At the same time, Fora Financial announced that a Palladium Equity Partners affiliate had made a significant investment in the company. In the official release, Palladium principal Justin Green said, “we believe Fora Financial has developed a highly attractive credit offering and technology platform that have made it a valued provider of financing to thousands of small businesses seeking capital.”

Palladium once held a stake in Wise Foods, the potato chip snack company, and currently counts PROMÉRICA Bank, a full-service commercial bank in its active portfolio. They have more than $2 billion in assets under management.

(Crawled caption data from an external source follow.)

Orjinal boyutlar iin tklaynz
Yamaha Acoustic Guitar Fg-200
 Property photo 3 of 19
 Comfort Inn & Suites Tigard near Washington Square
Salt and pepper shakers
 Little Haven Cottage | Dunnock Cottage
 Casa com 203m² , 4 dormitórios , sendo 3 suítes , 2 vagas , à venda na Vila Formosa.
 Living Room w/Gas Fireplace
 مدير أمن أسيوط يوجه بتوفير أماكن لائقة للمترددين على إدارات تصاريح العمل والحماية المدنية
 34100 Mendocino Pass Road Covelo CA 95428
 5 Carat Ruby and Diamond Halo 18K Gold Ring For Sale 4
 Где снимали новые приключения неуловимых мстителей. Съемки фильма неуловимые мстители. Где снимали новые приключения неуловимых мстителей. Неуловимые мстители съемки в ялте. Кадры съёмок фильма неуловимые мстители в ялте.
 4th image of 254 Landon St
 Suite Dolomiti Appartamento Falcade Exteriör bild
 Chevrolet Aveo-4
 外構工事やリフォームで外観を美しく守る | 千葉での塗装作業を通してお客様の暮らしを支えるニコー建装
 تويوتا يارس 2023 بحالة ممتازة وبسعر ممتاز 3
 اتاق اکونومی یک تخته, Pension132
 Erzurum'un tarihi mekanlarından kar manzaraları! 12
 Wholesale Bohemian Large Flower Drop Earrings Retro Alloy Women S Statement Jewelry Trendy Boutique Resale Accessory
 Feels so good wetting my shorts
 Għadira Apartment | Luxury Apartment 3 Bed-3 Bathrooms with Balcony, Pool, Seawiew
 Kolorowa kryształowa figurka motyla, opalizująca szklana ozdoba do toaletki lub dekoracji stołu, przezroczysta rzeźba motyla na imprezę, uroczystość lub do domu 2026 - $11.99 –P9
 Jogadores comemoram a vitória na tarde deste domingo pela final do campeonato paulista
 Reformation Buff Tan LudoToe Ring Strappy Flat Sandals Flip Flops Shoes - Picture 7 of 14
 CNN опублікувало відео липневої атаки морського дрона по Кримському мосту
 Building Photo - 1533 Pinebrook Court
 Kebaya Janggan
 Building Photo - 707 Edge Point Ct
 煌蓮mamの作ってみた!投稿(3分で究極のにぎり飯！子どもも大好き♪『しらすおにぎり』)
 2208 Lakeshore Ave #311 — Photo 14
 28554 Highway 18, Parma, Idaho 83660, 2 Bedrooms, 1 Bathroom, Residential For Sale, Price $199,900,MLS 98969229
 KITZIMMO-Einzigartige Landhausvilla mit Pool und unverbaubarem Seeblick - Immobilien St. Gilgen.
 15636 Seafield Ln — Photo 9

And then there’s Square, the payment processor and merchant cash advance company who publicly filed their S-1 for an IPO. Their registration form uses the term merchant cash advance 16 times so there is no doubt it’s a significant part of their business. “Square Capital provides merchant cash advances to prequalified sellers,” the document states. “We make it easy for sellers to use our service by proactively reaching out to them with an offer of an advance based on their payment processing history. The terms are straightforward, sellers get their funds quickly (often the next business day), and in return, they agree to make payments equal to a percentage of the payment volume we process for them up to a fixed amount.”

As of June 30th, Square had already racked up a net loss for the year of nearly $78 million. In 2014, the company lost $154 million. While the losses stem mainly from their payment processing operations, they had outstanding merchant cash advance receivables of $32 million as of mid-year which illustrates how much exposure they have with that product.

The three announcements ironically coincided with comments made by SoFi CEO Mike Cagney about the industry’s lack of ambition. “The problem with fintech is that it’s not ambitious enough in terms of its objectives. It’s not really transforming anything,” he’s quoted as saying in the San Francisco Business Times. Cagney went on to categorize Lending Club as just an electronic interface bolted onto a bank to originate loans for them. While his comments hold weight given that his lending company recently just raised $1 billion in a Series E round led by Softbank, it may be fair to say however that Wednesday proved there was anything but a lack of ambition in the space right now.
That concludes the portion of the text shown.